A eletrificação e a procura por bicicletas cada vez mais leves e eficientes têm intensificado os requisitos de desempenho, durabilidade e sustentabilidade impostos aos componentes de transmissão. O conjunto pedaleiro, composto por crencos, eixo e roda pedaleira, está sujeito a carregamentos cíclicos elevados e a combinações complexas de esforços mecânicos, sendo o eixo o elemento central responsável por transmitir os esforços dos crencos para o movimento central da bicicleta, figura 1.
Figura 1: O conjunto crenco-eixo é um dos elementos mais críticos do pedaleiro, sujeito a cargas cíclicas elevadas em cada pedalada.
Atualmente, os eixos são produzidos, na sua maioria, em ligas metálicas de elevada densidade por maquinação CNC, com tratamentos termoquímicos de endurecimento superficial. Embora garantam propriedades mecânicas adequadas, estas soluções apresentam limitações em produtividade, peso e adaptação à mobilidade elétrica, onde o acréscimo de massa do motor e da bateria torna imperativa a redução de peso dos componentes estruturais. As ligas metálicas de baixa densidade e alta resistência, endurecíveis por tratamento térmico T6 que envolve as etapas de solubilização, têmpera e envelhecimento artificial, com precipitação controlada de fases que conferem um aumento de dureza e resistência mecânica, assumem-se como alternativa viável, combinando resistência mecânica elevada, boa ductilidade e excelente maquinabilidade com densidade significativamente inferior [1].

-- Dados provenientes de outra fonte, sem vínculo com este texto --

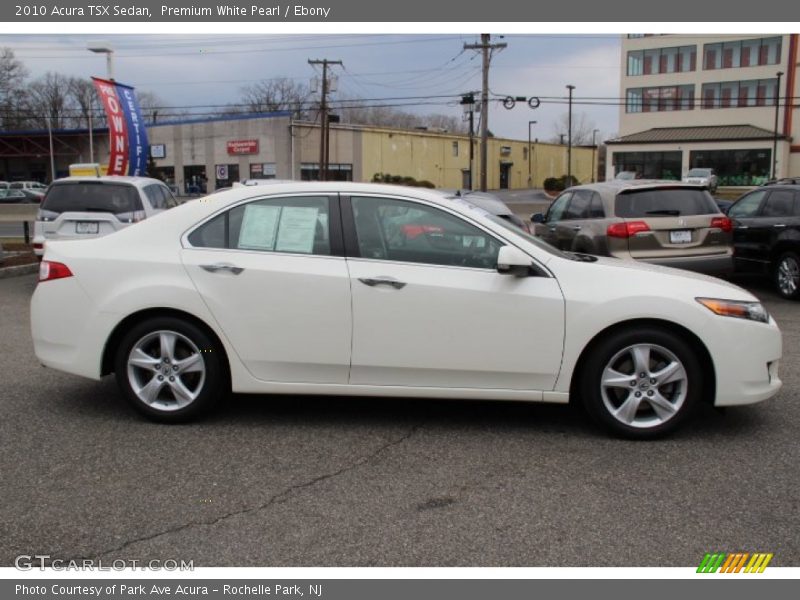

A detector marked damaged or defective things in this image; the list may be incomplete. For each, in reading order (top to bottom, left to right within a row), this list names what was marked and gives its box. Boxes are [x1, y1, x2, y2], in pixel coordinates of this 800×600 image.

cracked pavement [1, 274, 800, 564]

Foi este o desafio que a Miranda & Irmão e o INEGI decidiram enfrentar em conjunto, no âmbito do PPS26 do WP4 da Agenda Mobilizadora para a Inovação Empresarial do Setor das Duas Rodas (AM2R), financiada pelo PRR. O objetivo passou por selecionar e validar experimentalmente uma liga metálica de baixa densidade e alta resistência como substituto dos eixos convencionalmente produzidos em ligas de elevada densidade, estabelecendo relações entre material, microestrutura e comportamento mecânico que suportem a decisão de engenharia e demonstrando conformidade com os requisitos de segurança da norma ISO 4210-8 [2], que especifica os métodos de ensaio para sistemas de pedais e transmissão, incluindo ensaios de fadiga do conjunto crenco-eixo sob cargas que simulam a ‘posição de ataque’, com o ciclista em pé sobre os pedais em descida.

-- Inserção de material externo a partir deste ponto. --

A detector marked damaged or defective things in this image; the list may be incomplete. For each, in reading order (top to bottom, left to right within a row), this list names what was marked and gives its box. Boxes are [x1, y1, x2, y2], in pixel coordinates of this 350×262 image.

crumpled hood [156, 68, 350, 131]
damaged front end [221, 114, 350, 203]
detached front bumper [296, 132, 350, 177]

O trabalho ganha ainda mais relevância num país que se afirma como referência europeia na produção de bicicletas - Portugal liderou a produção de bicicletas na União Europeia em 2023, com cerca de 1,8 milhões de unidades produzidas, num universo de 9,7 milhões fabricadas em toda a EU [3].

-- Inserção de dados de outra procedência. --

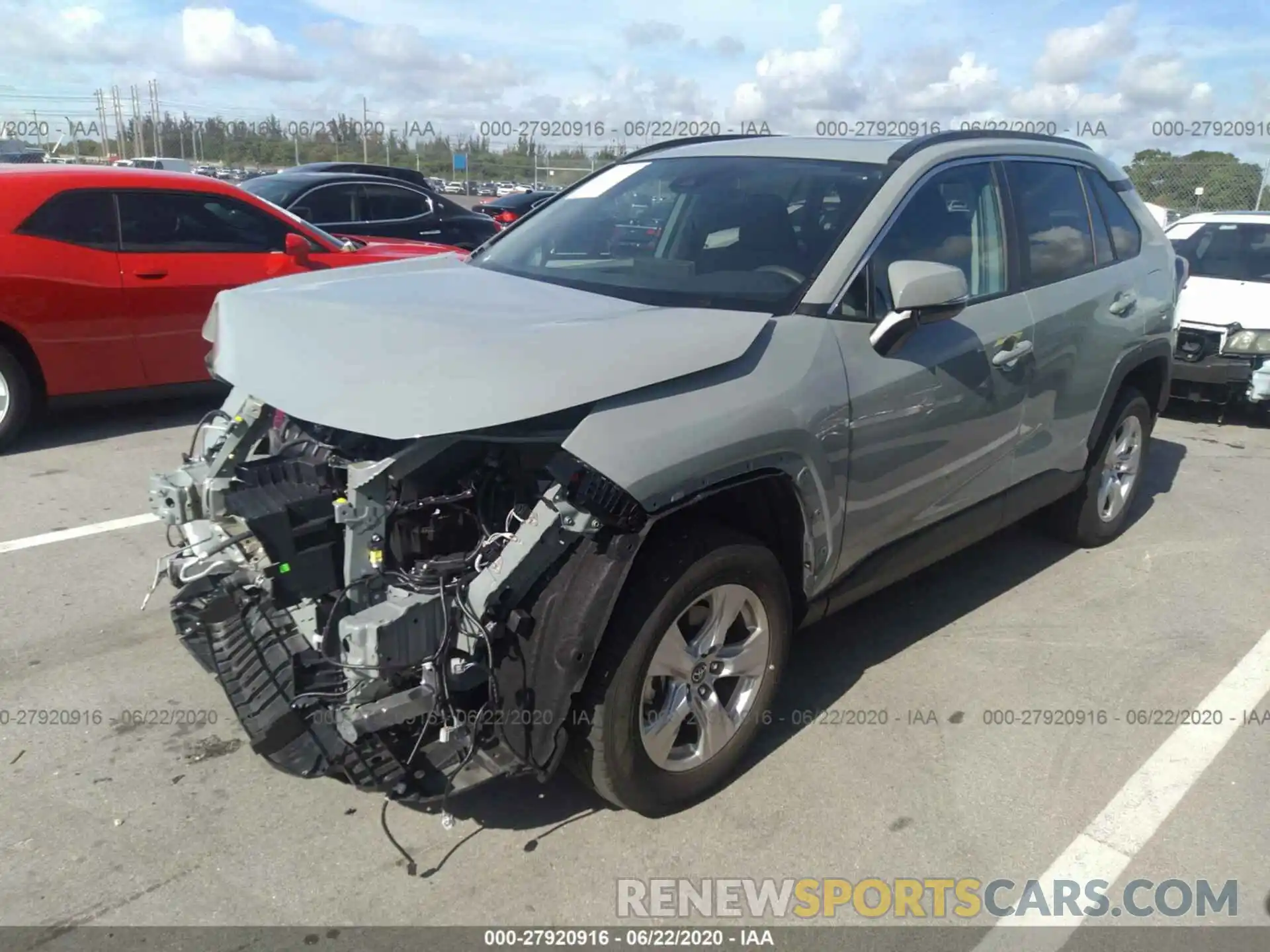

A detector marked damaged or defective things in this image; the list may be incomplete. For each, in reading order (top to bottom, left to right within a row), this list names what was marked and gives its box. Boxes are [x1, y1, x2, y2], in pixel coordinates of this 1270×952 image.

crumpled front end [144, 388, 650, 807]
damaged silver suv [148, 132, 1178, 822]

Para chegar a uma decisão fundamentada, a equipa não se limitou a testar o novo material. Comparou-o com quatro soluções já usadas atualmente na produção de eixos, três ligas de elevada densidade e uma de densidade intermédia. de forma a construir um retrato completo do que já existe no mercado antes de validar a alternativa proposta, designada ao longo do estudo por material E (M-E).
A cada um dos materiais foi aplicado o mesmo protocolo de caracterização, com quatro etapas complementares. Na composição química, recorreu-se a espectrometria de emissão ótica de faísca (OES). Na dureza, mediram-se perfis de microdureza na escala Vickers (HV0,05) da superfície até ao núcleo, de forma a identificar eventuais tratamentos termoquímicos superficiais, já a dureza da matéria-prima M-E foi caracterizada utilizando a escala Brinell (HB10).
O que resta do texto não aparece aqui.